• _RECORDED INFORMATION_
============

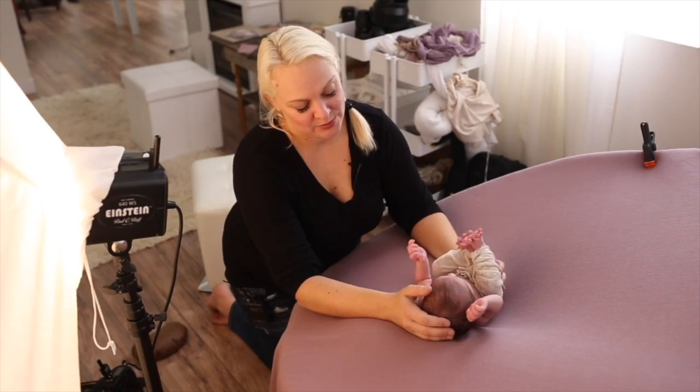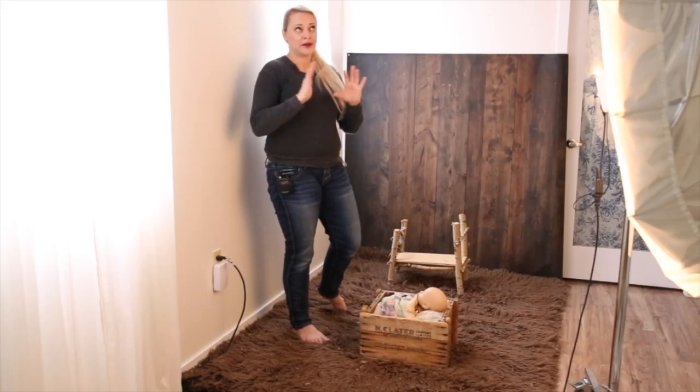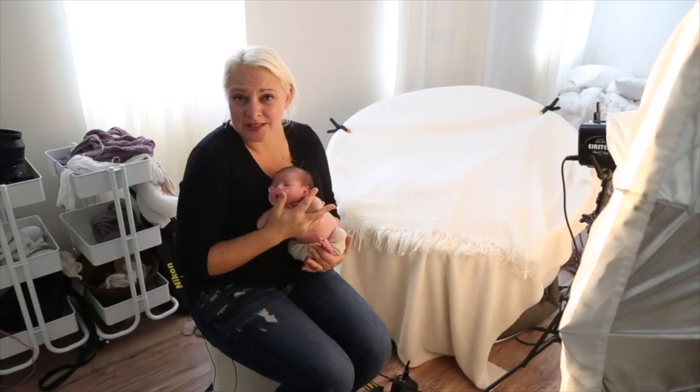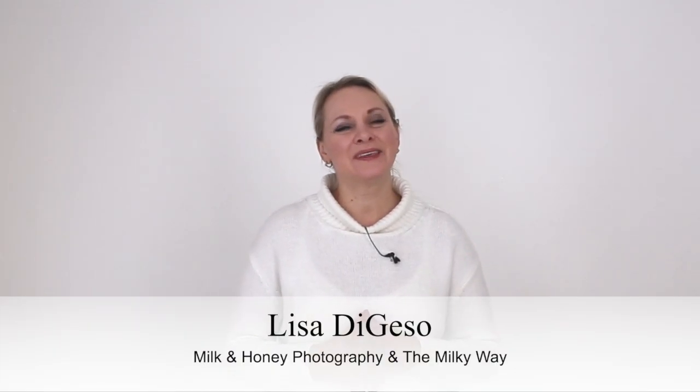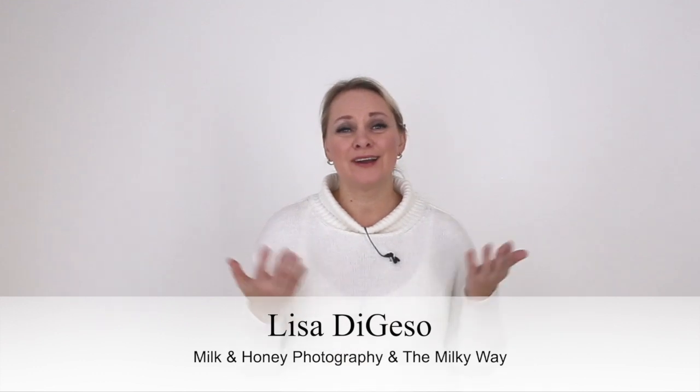In this episode, we're talking about ghoul lighting, what to look for when you're lighting, and what to avoid. Hello and welcome! I'm Lisa from Milk and Honey Photography and the Milky Way, and today we are talking about ghoul lighting.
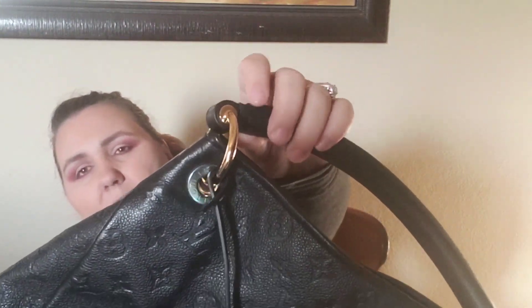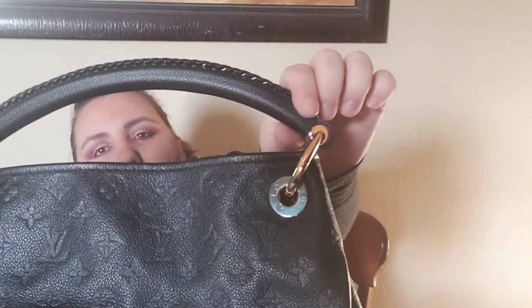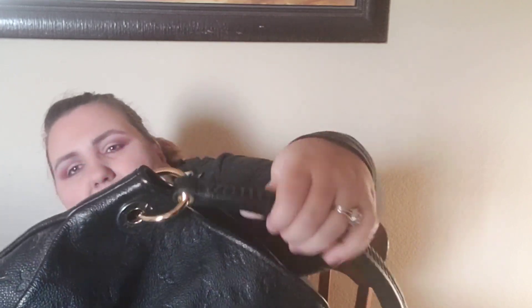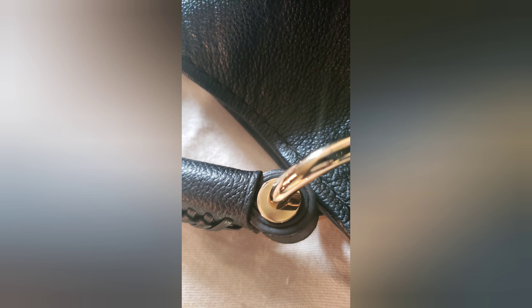I didn't understand why I would send the strap with it if I just wanted them to repair the handles - this was the part on both sides of the bag that were melting together. They replaced the entire strap and the hardware, and this is the new strap. It does smell brand new.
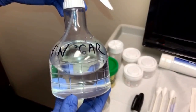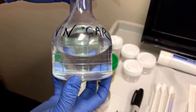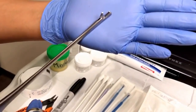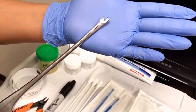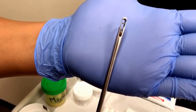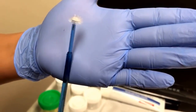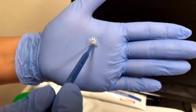This vinegar solution is used by the provider to highlight any areas of concern, which will then be biopsied by the provider. The provider has two methods of obtaining a biopsy. This one moves in this fashion and the biopsy would be collected in the bottom and shaken off into the vial. There is also this method here, which has bristle-like ends and would be used in this fashion onto the cervix.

============

Apart from the pictures, every line above must be printed exactly.

In this episode, we're talking about ghoul lighting, what to look for when you're lighting, and what to avoid. Hello and welcome! I'm Lisa from Milk and Honey Photography and the Milky Way, and today we are talking about ghoul lighting.
I didn't understand why I would send the strap with it if I just wanted them to repair the handles - this was the part on both sides of the bag that were melting together. They replaced the entire strap and the hardware, and this is the new strap. It does smell brand new.
This vinegar solution is used by the provider to highlight any areas of concern, which will then be biopsied by the provider. The provider has two methods of obtaining a biopsy. This one moves in this fashion and the biopsy would be collected in the bottom and shaken off into the vial. There is also this method here, which has bristle-like ends and would be used in this fashion onto the cervix.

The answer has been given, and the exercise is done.